Simon English: Activists may find Sir Martin Sorrell rather a bitter pill to swallow

Simon English: Sir Martin Sorrell thinks big firms won’t have a choice but to up marketing spending at some point: Slaven Vlasic/Getty Images
Simon English: Sir Martin Sorrell thinks big firms won’t have a choice but to up marketing spending at some point: Slaven Vlasic/Getty Images

Is capitalism going to eat itself? Listening to Sir Martin Sorrell talk earlier, the answer sounded a lot like yes. Or at least, perhaps.

The ad man’s sales have been hit by various factors, most interestingly by the actions of those other Mad Men — activist investors.

Under pressure from the likes of Nelson Peltz, Dan Loeb and Carl Icahn, the world’s giant advertisers have taken fright. Procter & Gamble, Nestlé, Unilever and Reckitt Benckiser have slashed marketing spend and embraced other demons such as zero-based budgeting while they pursue costs cuts at the expense of growth.

These large companies are facing such demands for short-term share price performance that they daren’t take a longer view.

All these spending cuts, aside from biffing WPP, have “resulted or will result in a further reduction in numbers of consumers or users, a serious warning sign”.

So the only growth for these big firms is artificial, it’s from cost cuts.

Sir Martin thinks big firms won’t have a choice but to up marketing spending at some point, but he plainly isn’t sure when that might happen. In the meantime, Peltz, Loeb and the rest are damaging the entire global economy in their own search for a larger slice of the pie (they surely have enough).

To them, long-term planning is what to have for lunch. Much beyond that, they don’t care.

They just trust that, in the end, the economy will improve and that their own philanthropic work — funded with money they’ve squeezed from the system — will be enough to save their reputations as great men.

It would be interesting to see how Sorrell would cope if the activists targeted his shares. Since they are down 11% today, some might sense an opportunity to start being difficult.

A Sorrell v Peltz punch up would be a sight to see. I’d buy tickets.

Don’t panic!

Sorrell’s comments are interesting for other reasons; they indicate a turn in the thinking of opinion formers almost everywhere.

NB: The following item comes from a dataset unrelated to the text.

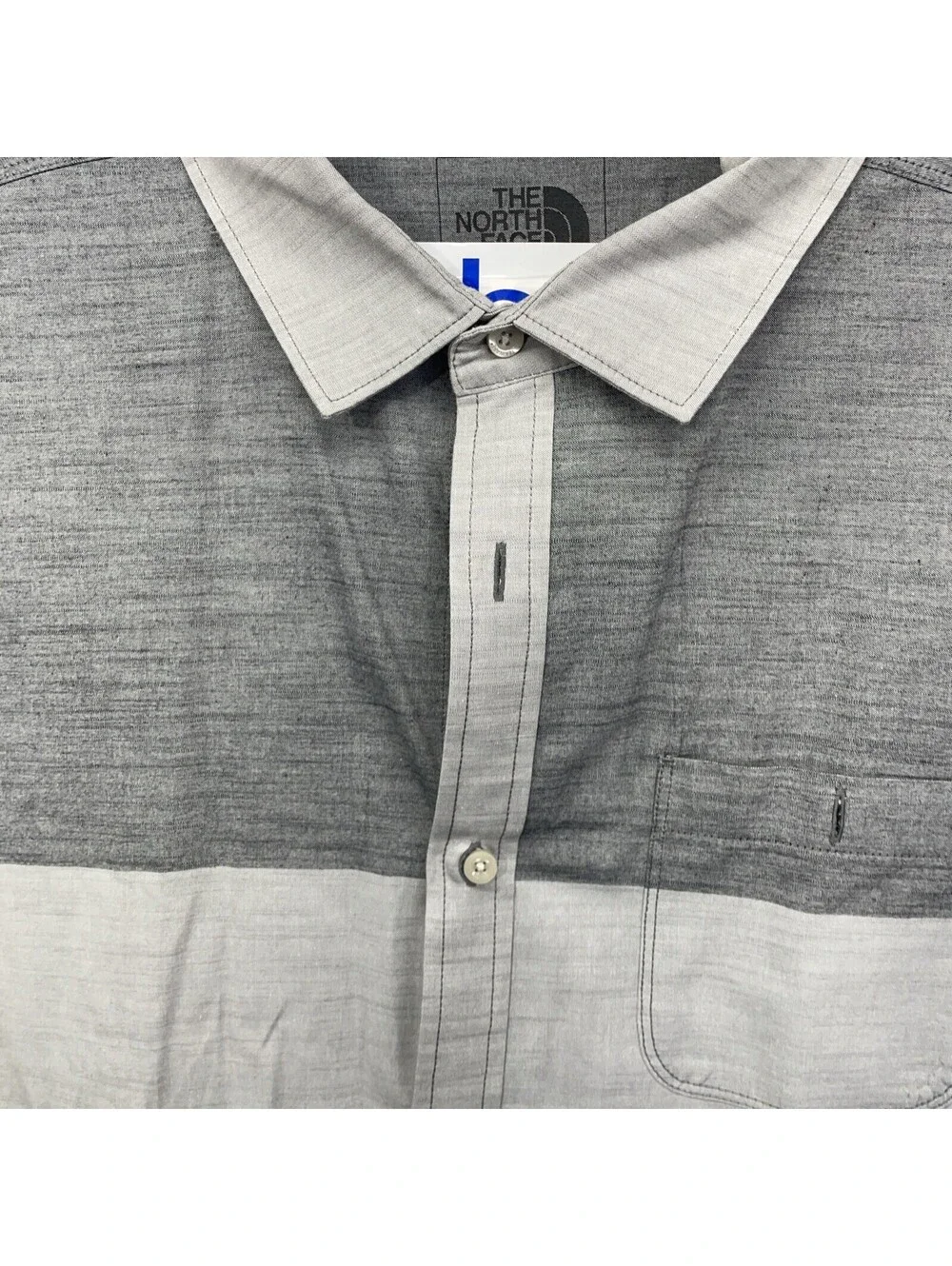The North Face Mens Shirt 2XL Gray Long Sleeve Button Up Outdoor Hiking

In the wake of the financial crash, the accepted wisdom was that you can’t borrow your way out of debt. This point seems straightforwardly obvious, though it assumes government borrowing is the same as a family credit card (it isn’t).

Now Sir Martin is arguing that you can’t cut your way to growth, which seems unarguably true.

If President Trump does succeed in ramping up infrastructure spending, and central banks keep on quantitatively easing, you can ditch talk of debt reduction for another decade.

This will probably work out okay, as long as no one panics. No one ever panics.